If water is the key to life on Earth, it's doubly so if we want to survive in space. Water's crucial for our own human needs, and is also an excellent starting point for rocket fuel, but it's also prohibitively heavy to lift up from Earth in large quantities. Until now, NASA has mostly been concerned with just finding the stuff. That's changed: In a signal that the agency is confident it will be extracting water in the relatively near future, it's unveiled a prototype mining robot that help scrape the good liquid out of the Moon.
The Regolith Advanced Surface Systems Operations Robot (RASSOR, pronounced "razor") isn't a final design just yet. For starters, as you might have guessed by looking at the pictures, it's a prototype that's too small to do any serious mining. (In the configuration above, it's about two-and-a-half feet tall.) But its design highlights the inherent challenge of mining the Moon: Rovers need to be fairly light to lift into space, but on the Moon's 1/6 gravity, a light bot won't be able to dig effectively. To counteract that, the two bucket wheels on RASSOR rotate in opposite directions, which effectively locks the bot in place.
"We proved that if you engage one bucket, it pulls itself but when you lower the other bucket and rotate it, once they both catch in, it starts digging," RASSOR engineer A.J. Nick said in a release.
RASSOR is designed to be flexible enough to scale obstacles.
RASSOR also has relatively shallow buckets, which would essentially grind away at the soil, rather than scooping it up in big loads like a backhoe here on Earth. According to NASA, the idea is that RASSOR will be able to scoop up ice- and water-laden soil from the Moon, and transfer that soil to a device that can suck the water out of it. That device has yet to be developed, but hey, the mining bit is a start. NASA said it's hoping to develop the whole package to be around 2000 pounds, 100 for a full-size RASSOR design and the rest for processing and landing equipment.
The big goal for such a resource-processing mission is sending it to Mars, as processing water and fuel on site is currently the only way a round trip to the red planet could be possible. And with water increasingly probable on Mars, it's mostly a matter of figuring out where to dig.
"There are some areas at the poles where they think there's a lot of ice, so you'd be digging in ice," Nick said. "There's other areas where the water is actually 30 centimeters down so you actually have to dig down 30 centimeters and take off the top and that depth is really where you want to start collecting water ice."

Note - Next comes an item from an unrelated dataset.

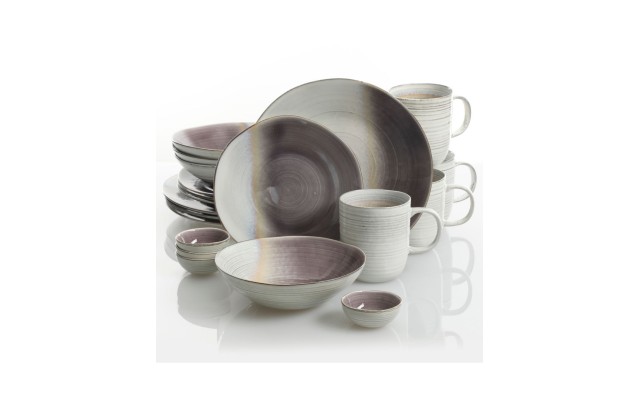  Laurie Gates Cravings by Chrissy Teigen Aubergine Blush 20-piece Dinnerware Set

That's not to say that it's an easy task. Even with a fully working processing plant, RASSOR is only expected to carry 40 pounds of raw material at a time, and NASA estimates it would have to dig 16 hours a day for five years to build up an appreciable stockpile of water. That's a long time indeed, but when the alternative is hoping the urine recyclers don't fizzle out, perhaps it's okay to wait.